The Pythagorean Numbers

Table of Contents
Some people believe that the Ideas exist as numbers. They do this by setting out each term apart from its instances. Out of the unity of each general term, they try to explain why number must exist.
Their reasons, however, are neither conclusive nor possible in themselves. This is why we should not assert the existence of number.
The Pythagoreans saw many attributes of numbers belonging to sensible bodies. They supposed real things to be numbers themselves.
This is because the attributes of numbers are present:
- in a musical scale
- in the heavens
- in many other things.
Those who say that mathematical number alone exists also say that these sensible things could not be the subject of the sciences.
But I believe that they are subject to the sciences. The objects of mathematics do not exist apart. If they did, then their attributes would not have been present in bodies.
The Pythagoreans do not object this. Instead, they construct natural bodies out of numbers. They say that things that have lightness and weight come out of things that do not weight or lightness. These come from another dimension which is beyond the senses.
But they think that those numbers exist in that other dimension. These then greet the soul in mathematics.
My rival theory will say the opposite.
The point is the limit and end of a line. The line of the plane is the end of the plane. The plane of the solid is the end of the solud.
But such ends are not substances, merely limits. Even the movement of walking has an end. To the Pythagoreans, the end of walking will be the end and a sustance. But that is absurd.
If the end of walking is a substance, then all the ends of walking will be things in this world.
“Again, if we are not too easily satisfied, we may, regarding all number and the objects of mathematics, press this difficulty, that they contribute nothing to one another, the prior to the posterior; for
If physical number did not exist, then physical distances would not exist.
If distances did not exist, then if spatial magnitudes did not exist, soul and sensible bodies would exist. But the observed facts show that nature is not a series of episodes, like a bad tragedy.
The believers in the Ideas miss this difficulty. They construct distances out of matter and physical number.
But will these distances be Ideas? These contribute nothing, as the objects of mathematics contribute nothing.
But not even is any theorem true of them, unless we want to change the objects of mathematics and invent doctrines of our own. But it is not hard to assume any random hypotheses and spin out a long string of conclusions.
The Pythagoreans thus are wrong in wanting to unite the objects of mathematics with the Ideas. They proposed two kinds of numbers:
- the number of the metaphysical Forms and
- the physical mathematical numbers.
But they never said how mathematical numbers were to exist or what they were made of.
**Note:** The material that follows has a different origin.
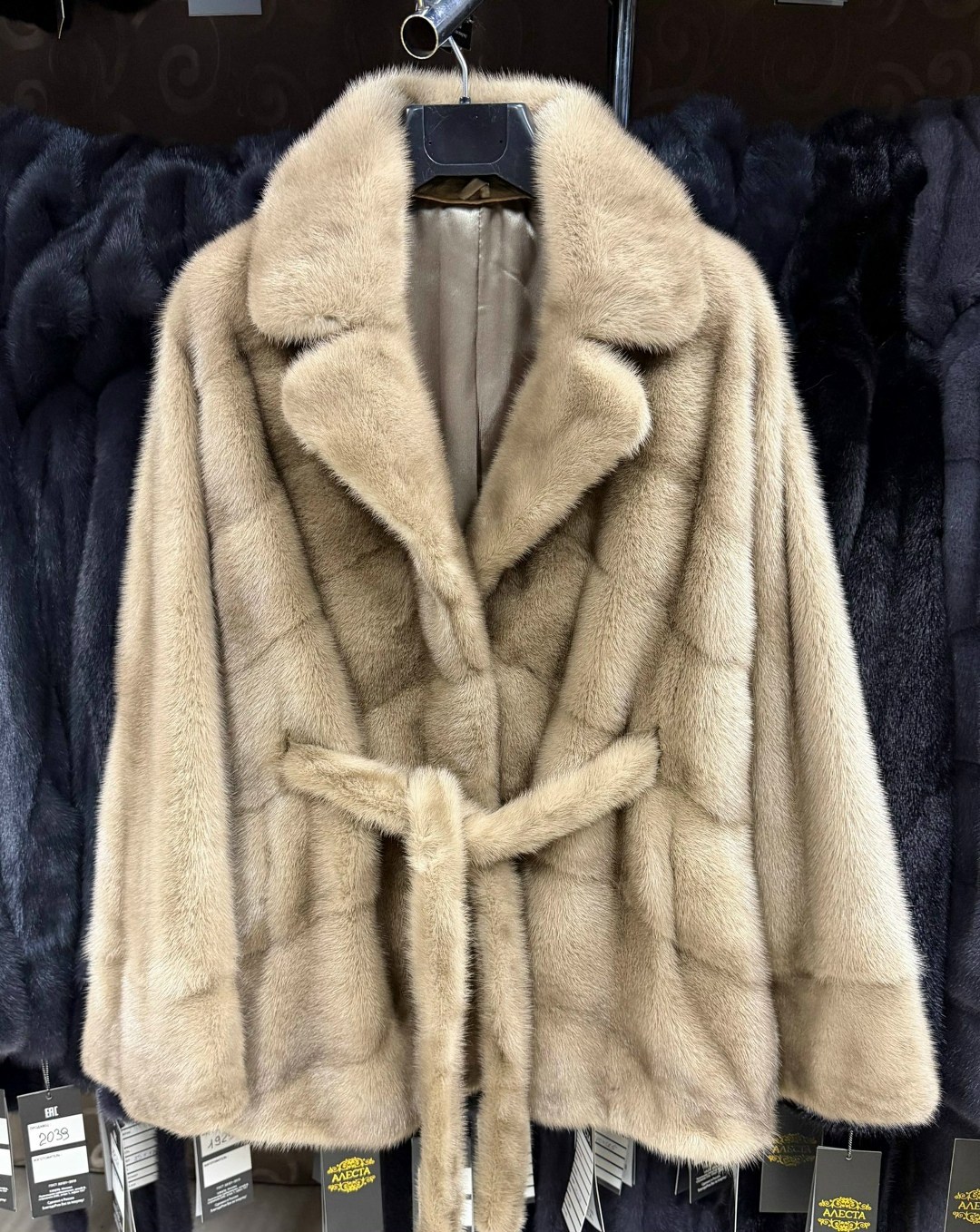 норковая шуба с английским воротником,норковая шуба,шуба,женская норковая шуба,шуба из норки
Instead, they place it between the idea-number and the physical-number.
If (i) number is made up of big and small, then number will be the same as the idea-number.
If (ii) he names some other element, he will be making his elements rather many.
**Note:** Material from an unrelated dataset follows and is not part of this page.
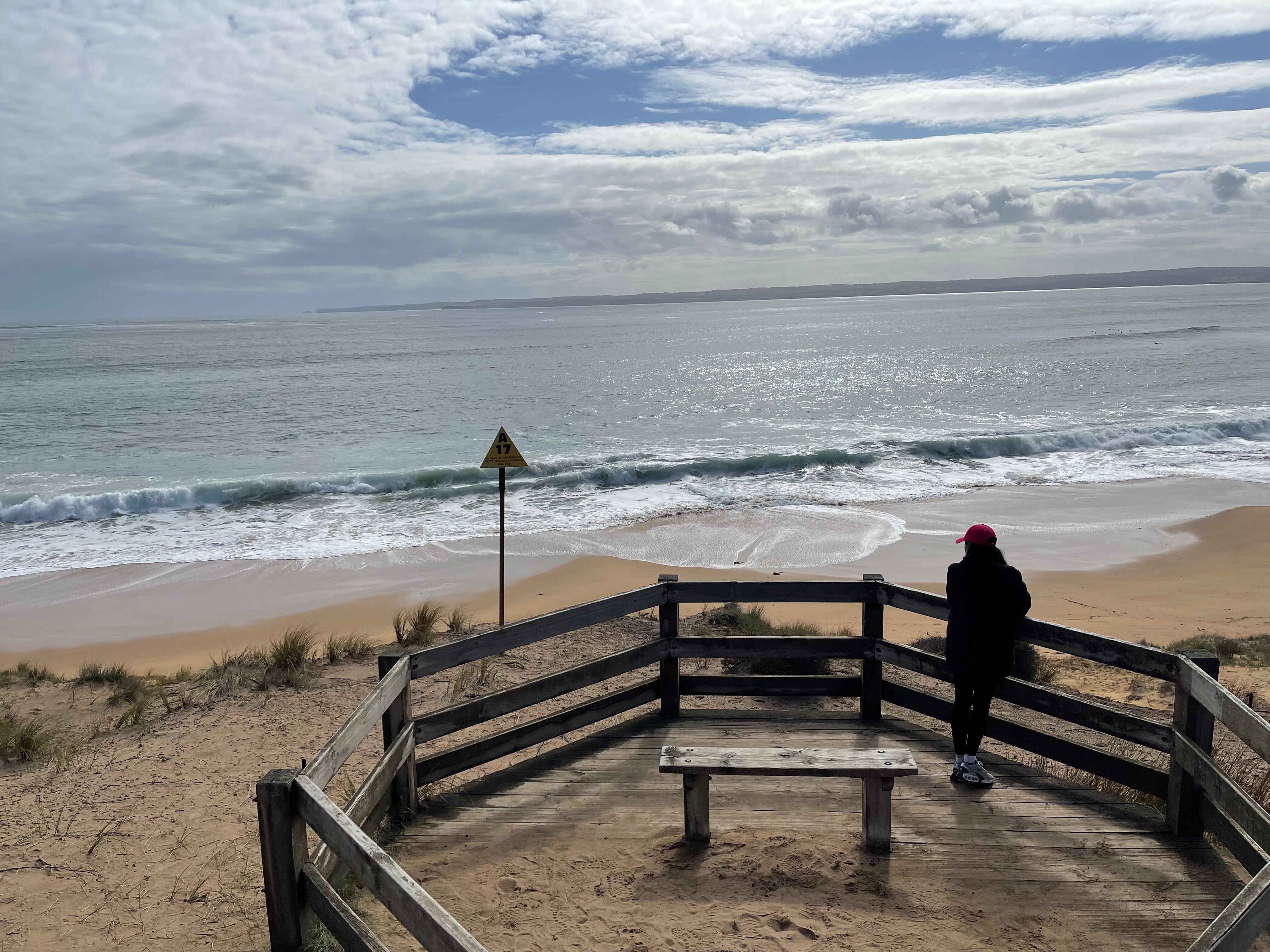 Welcoming greetings 

Beach access with excellent service always available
If the principle of each of the two kinds of number is a 1, unity will be something common to these, and we must inquire how the one is these many things, while at the same time number, according to him, cannot be generated except from one and an indefinite dyad.
All this is absurd. It conflicts both with itself and with the probabilities.
and we seem to see in it Simonides ’long rigmarole’ for the long rigmarole comes into play, like those of slaves, when men have nothing sound to say.
The very elements-the great and the small-seem to cry out against the violence that is done to them. for they cannot in any way generate numbers other than those got from 1 by doubling.
It is strange also to attribute generation to things that are eternal, or rather this is one of the things that are impossible.
There need be no doubt whether the Pythagoreans attribute generation to them or not; for they say plainly that when the one had been constructed, whether out of planes or of surface or of seed or of elements which they cannot express, immediately the nearest part of the unlimited began to be constrained and limited by the limit.
But since they are constructing a world and wish to speak the language of natural science, it is fair to make some examination of their physical theorics, but to let them off from the present inquiry; for we are investigating the principles at work in unchangeable things, so that it is numbers of this kind whose genesis we must study.